# Exercise
Retype word for word the line containing "Used Jaguar XF" and each line that follows it in the records below, through the last one, with no pictures.

(Short web captions)
--- START ---

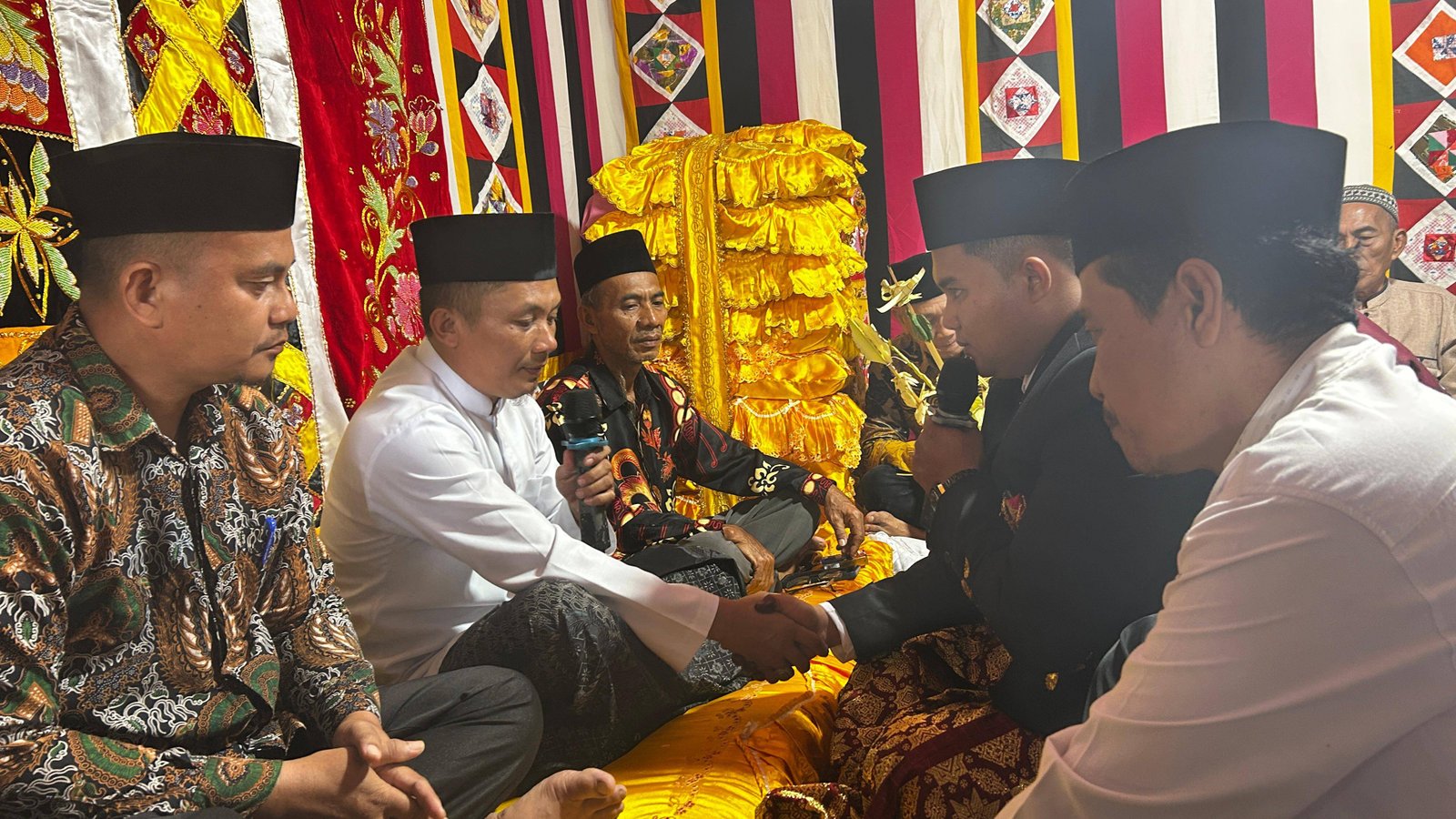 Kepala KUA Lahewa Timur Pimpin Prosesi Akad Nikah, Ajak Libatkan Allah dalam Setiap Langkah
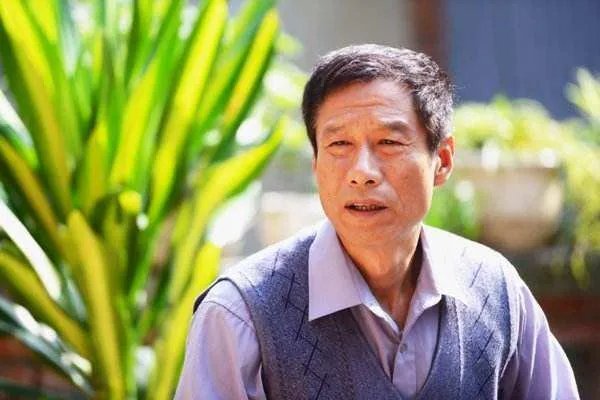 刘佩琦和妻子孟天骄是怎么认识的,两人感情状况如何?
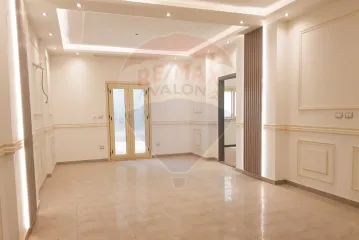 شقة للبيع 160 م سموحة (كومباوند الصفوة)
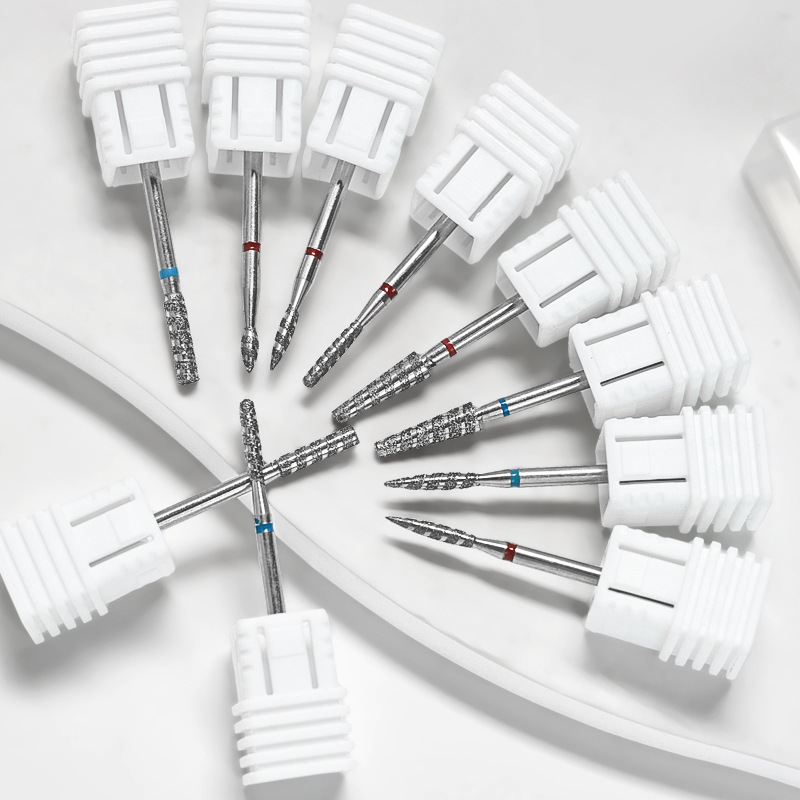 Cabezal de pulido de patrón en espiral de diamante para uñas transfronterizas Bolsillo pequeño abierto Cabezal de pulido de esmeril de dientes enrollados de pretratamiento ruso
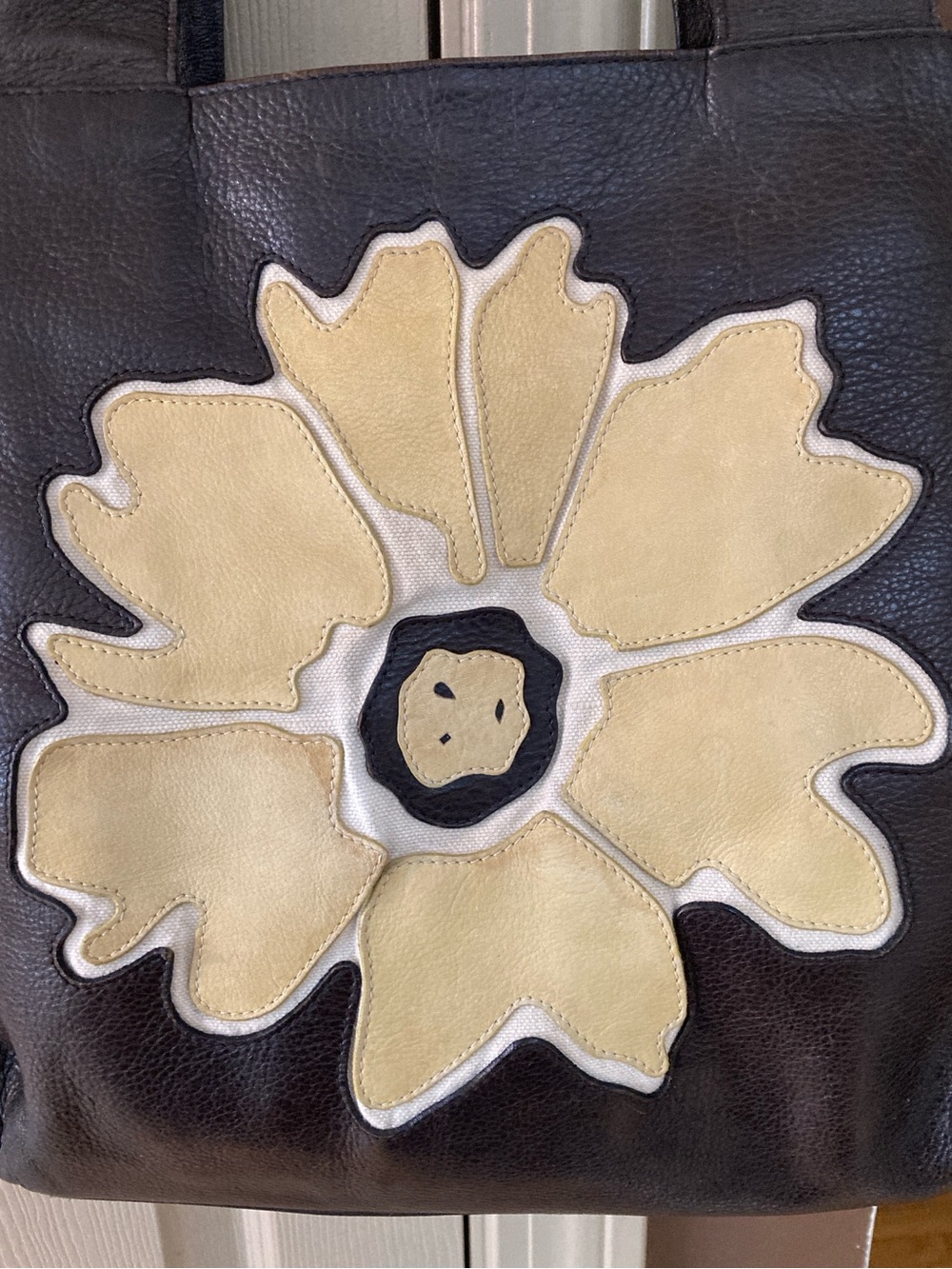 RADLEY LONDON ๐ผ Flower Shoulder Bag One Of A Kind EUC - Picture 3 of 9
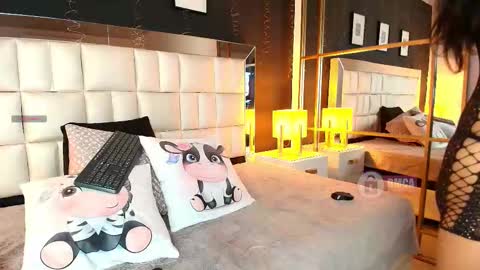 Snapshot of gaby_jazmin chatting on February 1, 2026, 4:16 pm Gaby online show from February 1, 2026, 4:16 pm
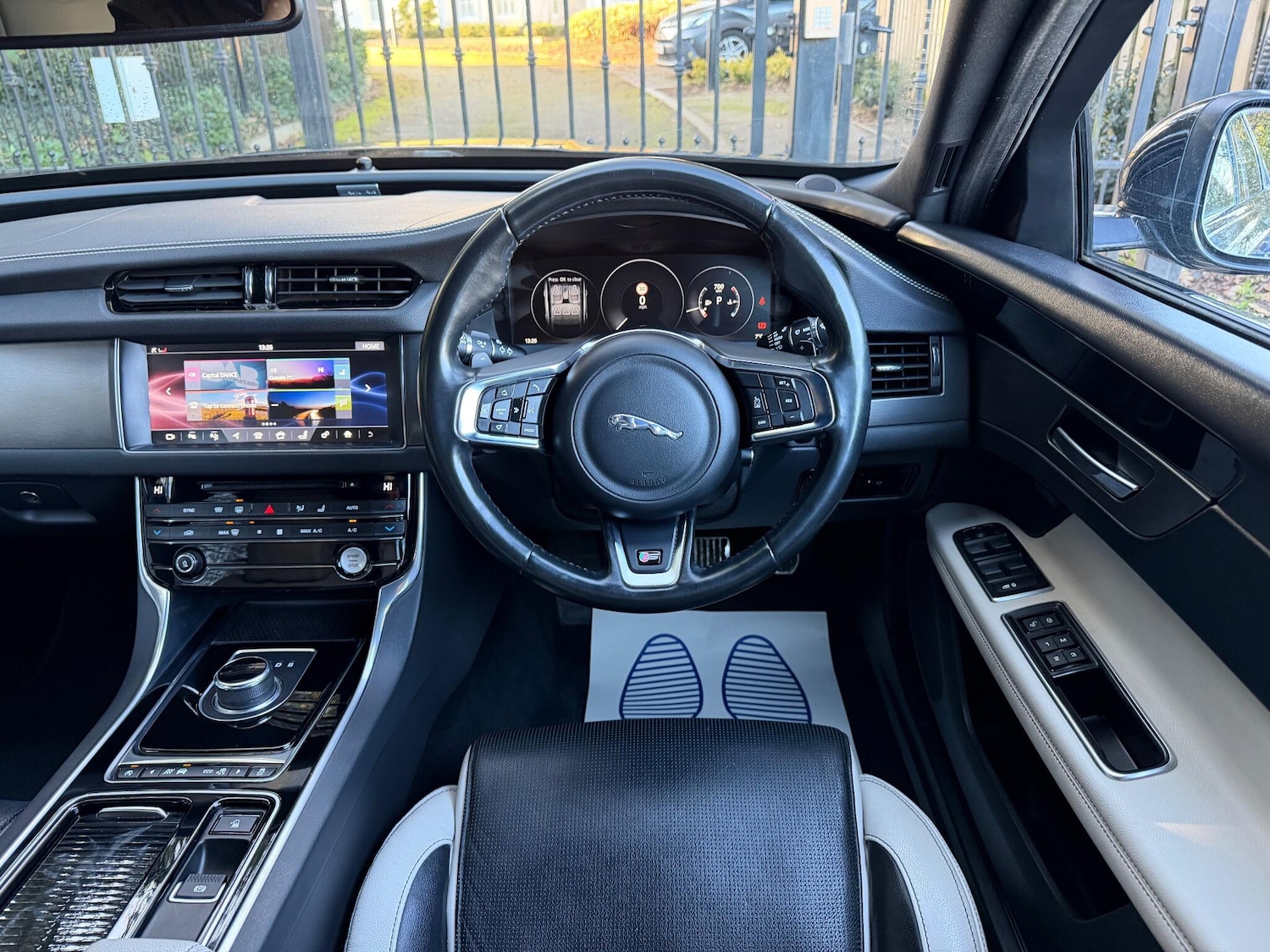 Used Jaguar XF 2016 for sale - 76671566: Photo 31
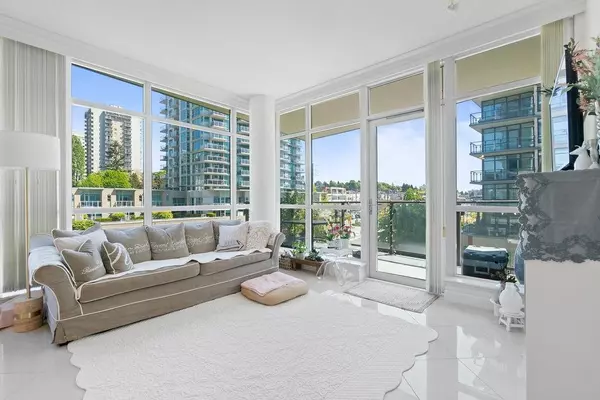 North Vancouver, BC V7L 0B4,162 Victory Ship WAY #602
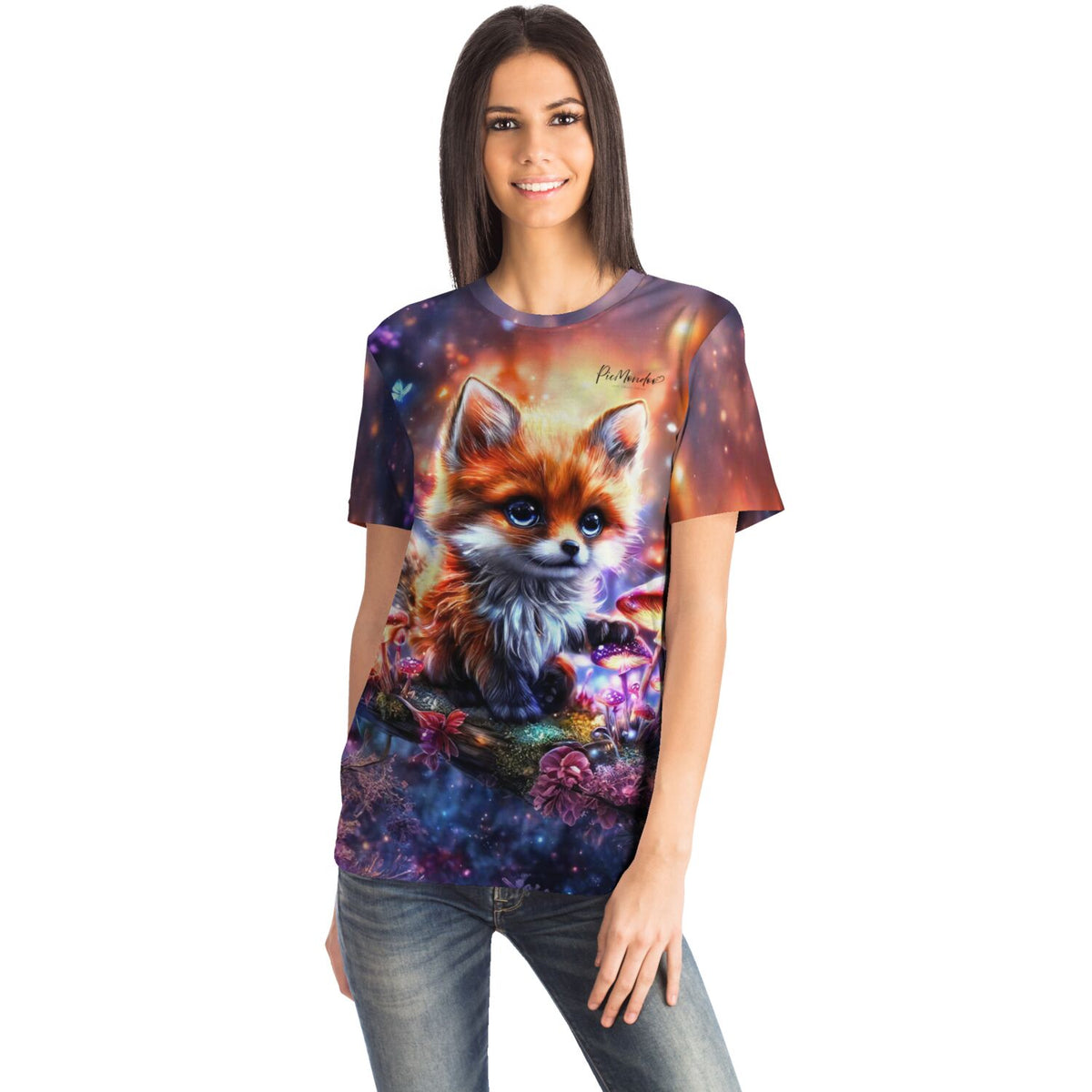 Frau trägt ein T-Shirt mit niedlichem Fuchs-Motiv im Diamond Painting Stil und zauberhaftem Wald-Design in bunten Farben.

--- END ---

# Output for this exercise
 Used Jaguar XF 2016 for sale - 76671566: Photo 31
 North Vancouver, BC V7L 0B4,162 Victory Ship WAY #602
 Frau trägt ein T-Shirt mit niedlichem Fuchs-Motiv im Diamond Painting Stil und zauberhaftem Wald-Design in bunten Farben.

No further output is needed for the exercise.